Quarterback Brett Hundley wasn’t too shabby either, rushing for 83 yards and a touchdown while completing 23-of-31 passing and converting half of his third down attempts.
So what gives with the sudden turnaround? We’ll probably never know, although the more you consider it, the more tanking (for lack of a better word) last week’s game made sense for the Bruins. Thanks to a controversial Pac-12 playoff system, the Bruins had already clinched the south and were headed to the conference championship, win or lose. A win would have sent them to face the Ducks in Autzen, while a loss would have given them both a scout game on their opponent and a much more comfortable road environment in Palo Alto. If Mora did in fact tank last week, he did a terrible job at hiding it, because the two Cardinal-Bruin battles were a tale of completely different Los Angeles teams.
Stanford’s defensive leaders scream for a rally
You can probably point to one thing in explanation for Stanford’s defensive failures, and that is tackling in open space. It’s the only complaint you’ll ever hear about the Cardinal, and it’s been true of them for longer than just this season. The athleticism of Hundley clearly had the Cardinal nervous, because Shayne Skov was on the sidelines after the quarterback’s first quarter touchdown run urging his players to stop “making up plays.” Chase Thomas was telling them to “play (their) defense.”
Those rally cries must have worked, because the ensuing Bruins drive resulted in an 80-yard Ed Reynolds pick-that-should-have-been-6. It put Stanford in business to tie the game at 14, and the defense held much better after that.
Last night’s porous run defense is definitely cause for some alarm, especially with the prospect of facing a rusher like Wisconsin’s Montee Ball in the Rose Bowl. Still, it may be better to chock that up to an anomaly, as the Cardinal have been one of the best run-stopping teams in the country all season long.
It didn’t take long (try four starts) for Hogan to pull off what Andrew Luck could never do: taking the Cardinal to a Rose Bowl. The redshirt freshman certainly wasn’t sharp early on, having trouble seeing the field and forgoing shots down field to check down.
Still, Hogan found his stride when it mattered, leading Stanford to a field goal drive to take the lead in the final seconds of the first half, and driving them to strike twice with the game on the line in the fourth quarter. The first was a 10-play, 63-yard drive that started in the third quarter and ended in a beautiful 26-yard touchdown pass to wide receiver (a wideout caught a touchdown pass!) Drew Terrell. That tied the game at 24 and the defense held. The next Stanford drive started with a short field and, aided by a 23-yard Kelsey Young scamper, got deep into UCLA territory quickly. A holding penalty on the Cardinal seemed to pull them out of kicker Jordan Williamson’s comfort zone, but one big completion got them close enough for Williamson to nail the 36-yard field goal. It turned out to be the game winner.

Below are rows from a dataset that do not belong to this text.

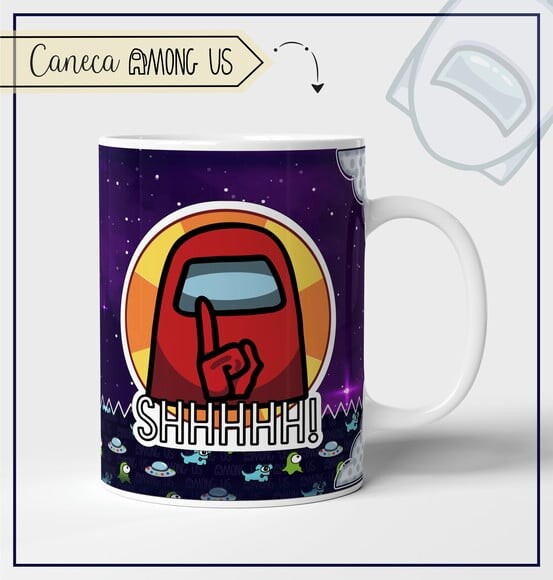Estampa para Canecas Among Us pdf Png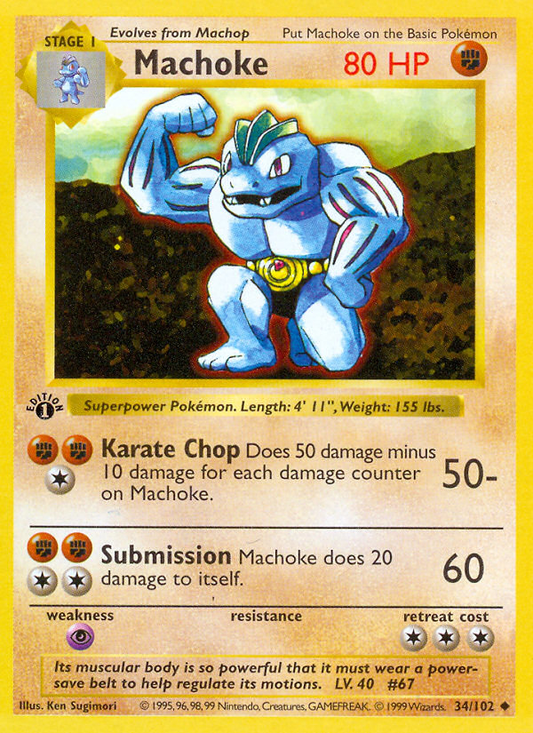 Machoke - 034/102 - Base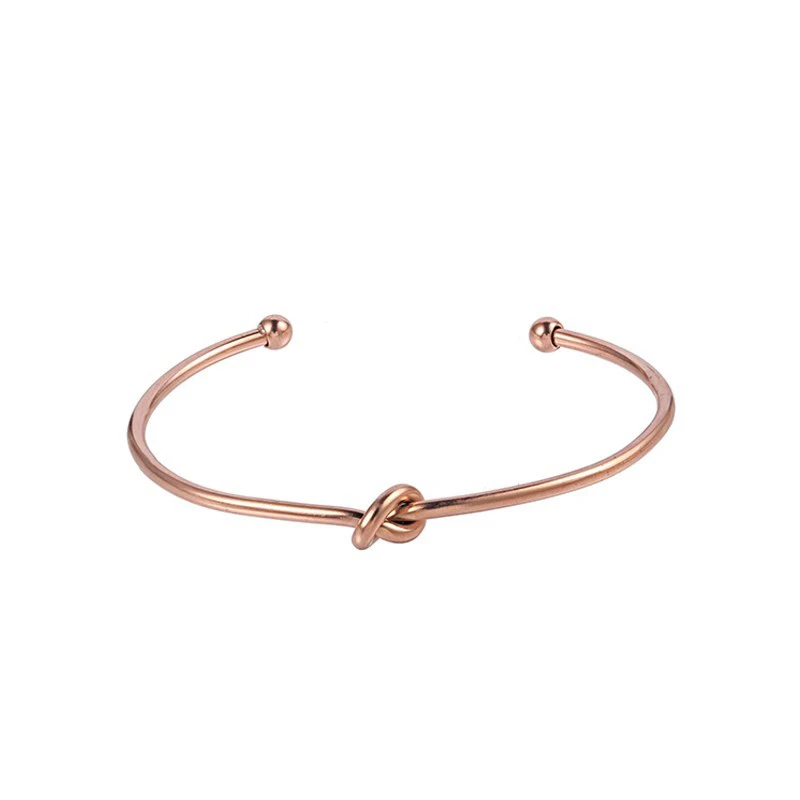 Женский браслет из розового золота с узлом | Украшения и аксессуары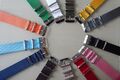 Nato Strap 18, 20 oder 22 mm schöne Farben schicke Edelstahlschließe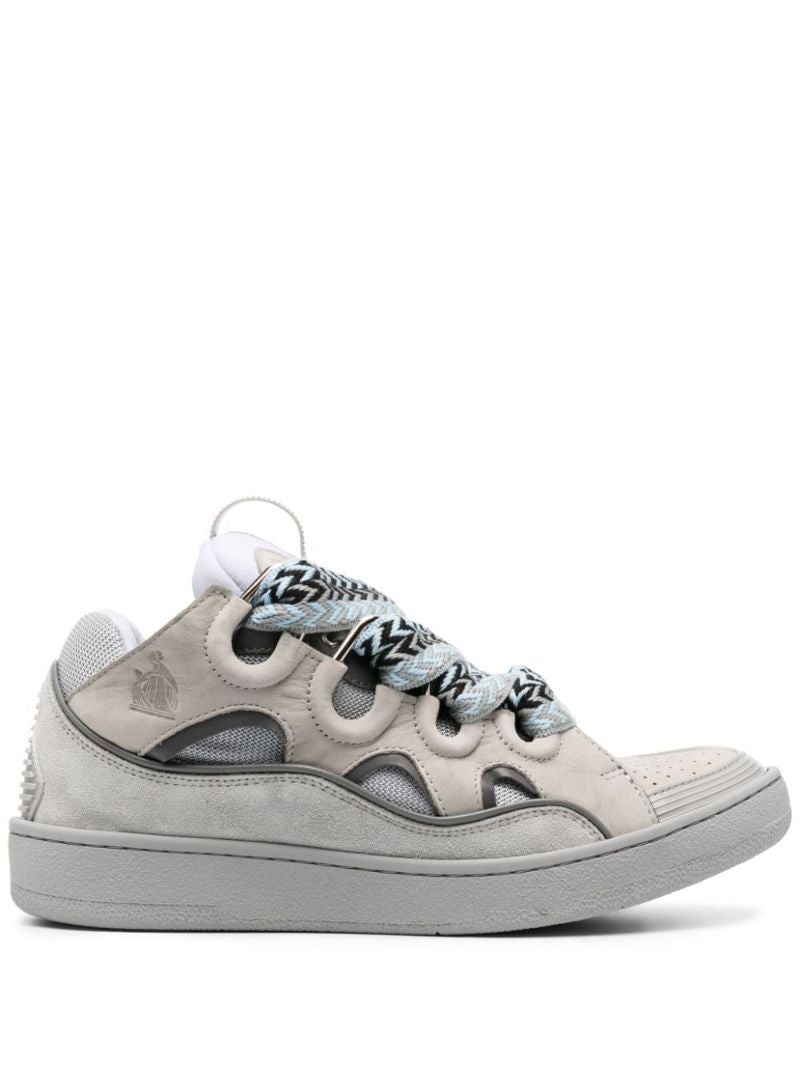 Grey Curb Panelled Sneakers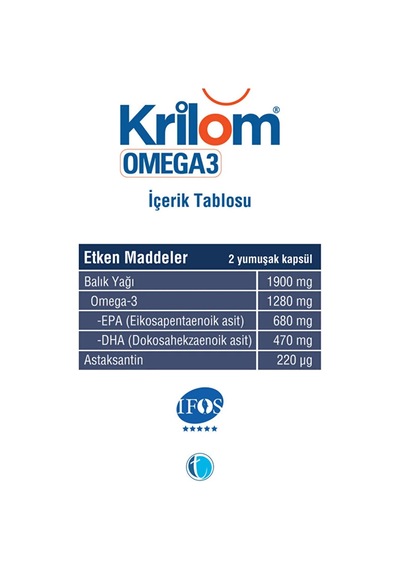 Krilom Omega 3 100 Yumuşak Kapsül Tanışma Paketi Shaker Hediyeli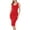 Dark Red, variant on Womens Sleeveless Bodycon Tank Knee Length Midi Dress
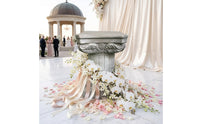 Roman Column Pedestal Weathered Garden Column Stand Classical Pillar Stand for Gardens, Photo Backdrops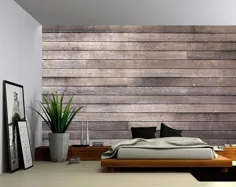 تصویر زمینه نقاشی دیواری تخته سفید چوب انبار سفید  اتسی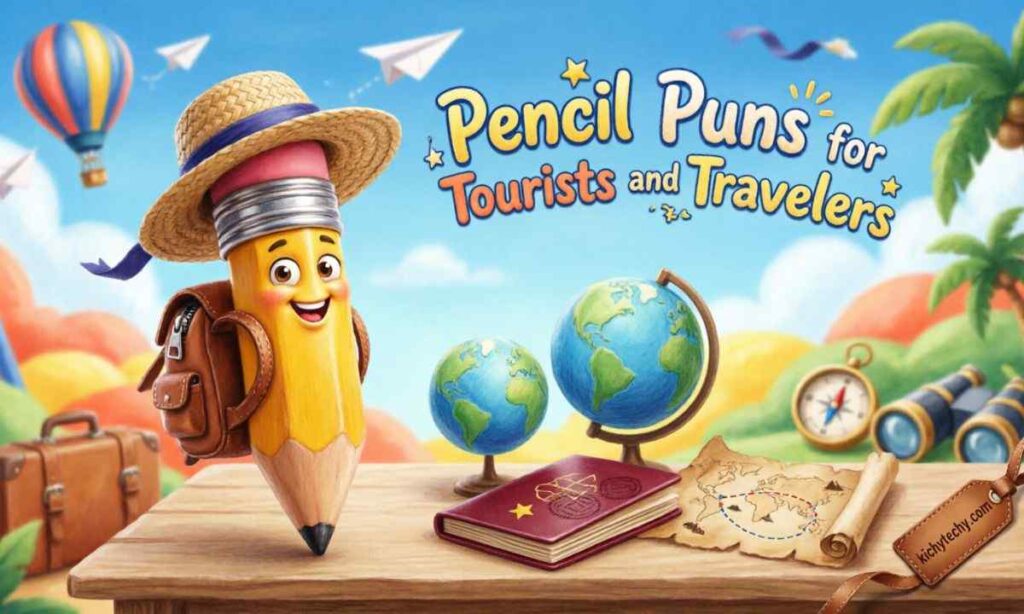Pencil Puns for Tourists and Travelers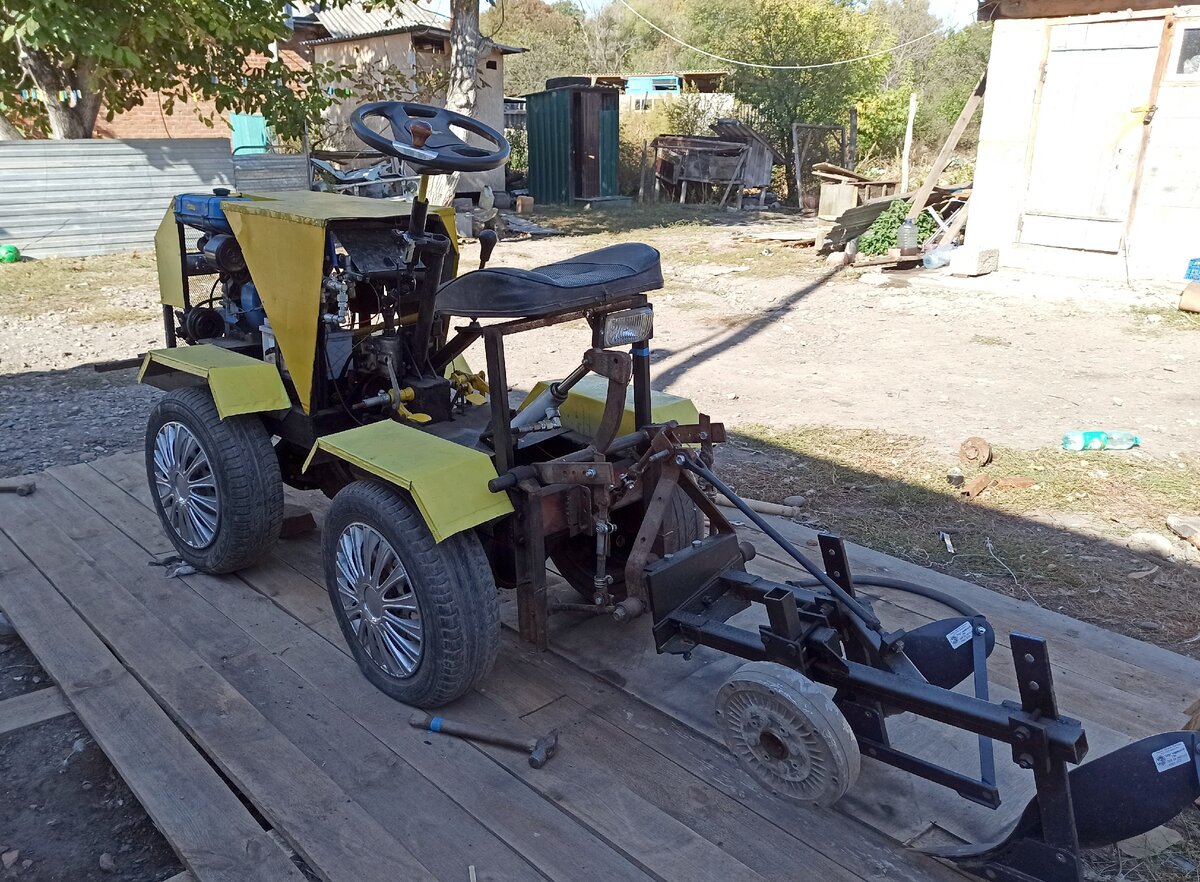 Самодельный трактор на базе Жигули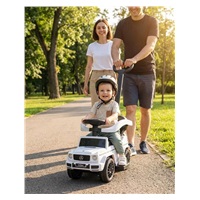 Dziecięcy jeździk z rączką Mercedes Benz G-ClassBaby Mix biały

In all, Hogan was 16-of-22 for 155 yards and a score through the air, while he showed off his mobility with 47 more yards and another touchdown on the ground. After taking over midseason for Josh Nunes (parallels with Santa Clara, anyone?), many wondered if this gamble would cost pay off for the Cardinal. Looking back now, the move was genius. After all, hindsight is 20/2o, and in this case it’s pretty rosy too.